Homélie du dimanche
16 août 2026
Frères et sœurs, hier samedi, pour le 15 août, nous fêtions et nous célébrions la foi de Marie. Et voici qu’aujourd’hui dans l’Evangile, Jésus s’émerveille de la foi d’une autre femme, une Cananéenne. Bien que partageant pas la foi Juive de l’époque, elle se tourne vers le Christ, insiste et l’appelle à l’aide pour obtenir la guérison de sa fille.
Dans un premier temps, Jésus et ses disciples ne se préoccupent pas de cette situation. Après tout, leur mission concerne prioritairement le peuple d’Israël. C’est de lui que Jésus vient, et c’est vers lui qu’il se sent envoyé. Mais la femme ne va pas se démonter : elle consent à ne ramasser que les miettes, sûre que cela suffira à soulager son enfant. Et Jésus va se laisser émouvoir et convaincre par cette foi et cette audace ! C’est comme si, après une courte éclipse, (c’est d’actualité), le Seigneur avait retrouvé la lumière de la compassion et de la tendresse…
Sommes-nous capables, nous aussi, de persévérer et d’insister dans la prière, même lorsque tout paraît perdu et désespéré ? Jésus nous parle souvent de la foi dans l’Evangile : « la foi, si vous en aviez gros comme une graine de moutarde, vous diriez à cet arbre d’aller se jeter dans la mer, et il vous obéirait ! » Mais le Christ se pose aussi des questions : « le Fils de l’homme, quand il viendra, trouvera-t-il la foi sur la terre ? »

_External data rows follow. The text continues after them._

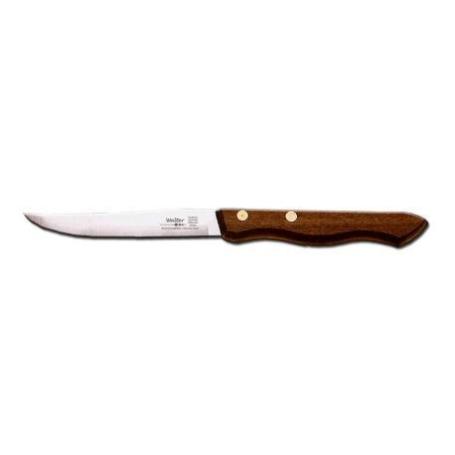 WALTER FINSTOCK CUCHILLOS DISPLAY 1070 18CM CARNE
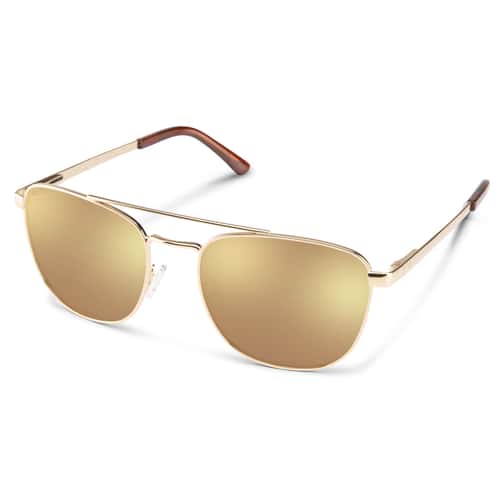 Suncloud Kids' Fairlane Sunglasses alt image view 2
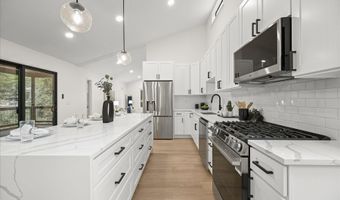 1252 TAMARACK Trl, Arnold, MD 21012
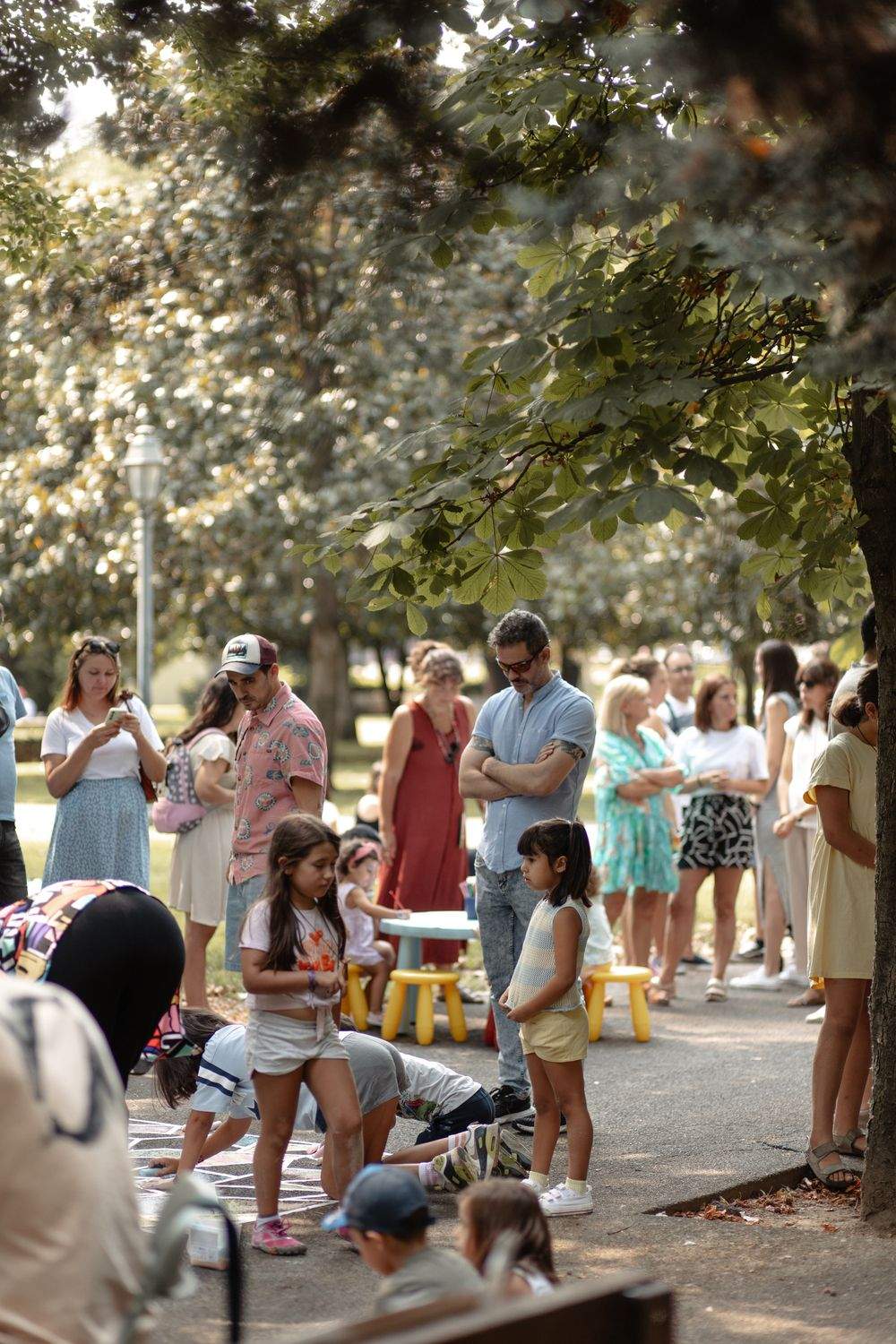 SONDA picnic 02 SONDA picnic 02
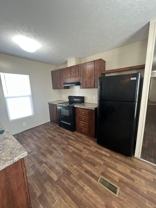142 County Road 5516 #F36 - Photo 1 of 1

C’est d’ailleurs ce que se demande l’apôtre Pierre dans la deuxième lecture de ce dimanche : « par suite de votre refus de croire, vous avez pourtant obtenu miséricorde. » Pierre sait combien nos cœurs sont parfois lents à croire, mais que rien n’est jamais perdu ; le pardon de Dieu est offert sans limite à celles et ceux qui ne s’enferment pas dans le doute, mais cherchent à retrouver les chemins de la confiance et de l’espérance !
Frères et sœurs, ces prochains jours, demandons-nous comment nous pouvons faire grandir, entretenir notre foi ; dans la prière, les célébrations, l’étude et la méditation de la Parole de Dieu, les partages, les temps forts auxquels nous participerons ; mais aussi en ayant le souci des autres, de la fraternité, des pardons offerts ou reçus.
Comme la femme cananéenne de l’Evangile, soyons fervents et confiants lorsque nous nous tournons vers Jésus. Ne nous décourageons pas, appuyons-nous sur les autres et sur l’amour de Dieu. Que la suite de notre été nous permette d’accueillir toutes les petites merveilles qui peuvent nous rendre heureux ! Amen.